Karike Ashworth, ‘The Crisis of Neoliberal Feminine Bravery’, (Queensland University of Technology)

Karike Ashworth’s PhD practice-led research employs cross-disciplinary methods to examine how neoliberal constructions of feminine bravery reinforce prescriptive and restrictive behaviour standards for women. Using performance, video, textiles and immersive installations to explore conceptions of feminine bravery, the research led to the development of a parodic persona, ‘Brave Girl’, who is a mock super-hero/medieval warrior inspired by popular culture, online media, cosplay and comic strip characters.

HIGHLY COMMENDED

Tai Mitsuji, ‘Art History: A Slow Discipline in a Fast World’, (Harvard University)

How can art history respond to the speed of the contemporary? How can the academic discipline – defined by peer-review and extended publishing timelines – adjust to the era of Twitter instantaneity and the 15 minute book? In my lecture, I leap (somewhat biographically) between textual examples, dissecting both the practical substance and the phenomenological dimensions of our contemporary pace. All of this leaping is in the service of understanding a slow discipline in a fast world.

OTHER ENTRIES

Lisa Philip-Harbutt, ‘From Community Artist to Leadership Bricoleur, (Freelancer)
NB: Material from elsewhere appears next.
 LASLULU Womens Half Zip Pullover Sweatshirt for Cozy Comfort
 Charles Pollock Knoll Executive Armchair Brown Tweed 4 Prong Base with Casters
This is a short visual story of Lisa Philip-Harbutt’s PhD. After 35 years working as a community artist Philip-Harbutt was interested in venturing into a context far from her usual experience, so she took on a PhD in the Business School. She found people searching for new models of leadership but still working within systems that were biased toward the charismatic hero. Informed by Arts-based research, Philip-Harbutt ran a series of art interventions in academic and industry workplaces, playfully pursuing post-heroic forms of Shared Leadership.

Nikolas Orr, ‘Digital archives and social media as sources’, (University of Newcastle)

With lock-downs preventing international travel and access to physical information sources, resilience and pragmatism have never been more important qualities for researchers. A PhD can’t simply stop in the face of adversity, but may need to be reformed to work within the ‘new normal’. This talk proposes practical methods for contemporary transnational historical research in the current context.